- _What this task involves_:
Please copy out the full listing that follows exactly; no picture belongs in the copy.

- _Collected material_:
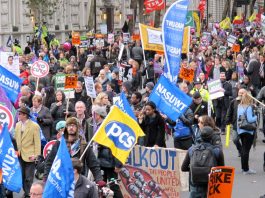 PCS banners on the pernsions strike march last year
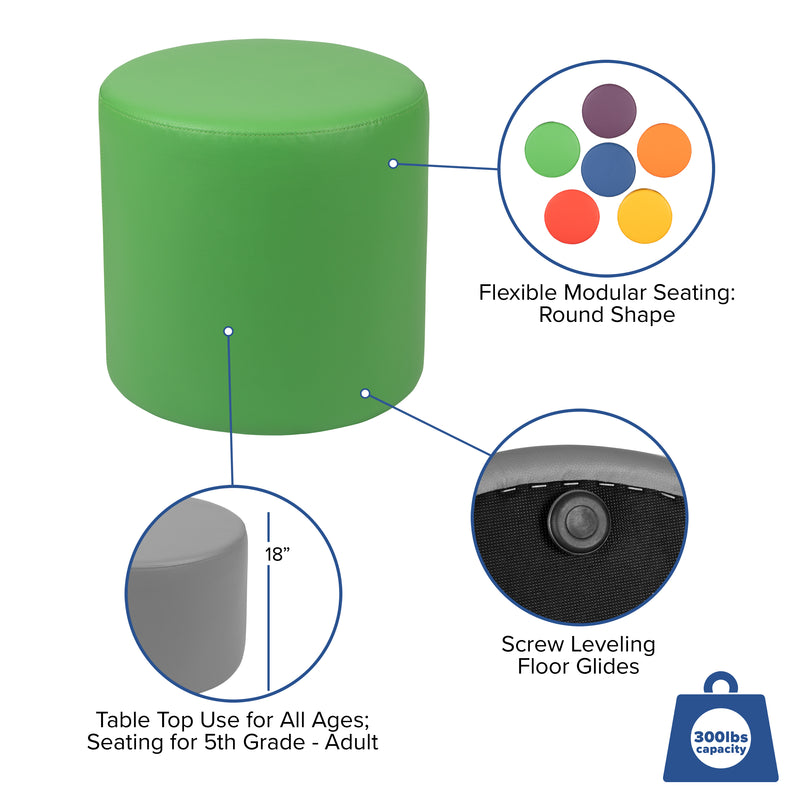 Soft Seating Flexible Circle for Classrooms and Common Spaces - 18" Seat Height (Green)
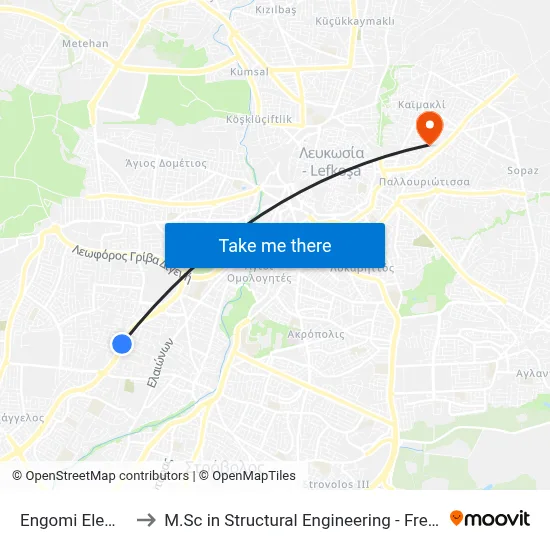 Engomi Elem. School B to M.Sc in Structural Engineering - Frederick University Cyprus map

- _Result of this exercise_:
 PCS banners on the pernsions strike march last year
 Soft Seating Flexible Circle for Classrooms and Common Spaces - 18" Seat Height (Green)
 Engomi Elem. School B to M.Sc in Structural Engineering - Frederick University Cyprus map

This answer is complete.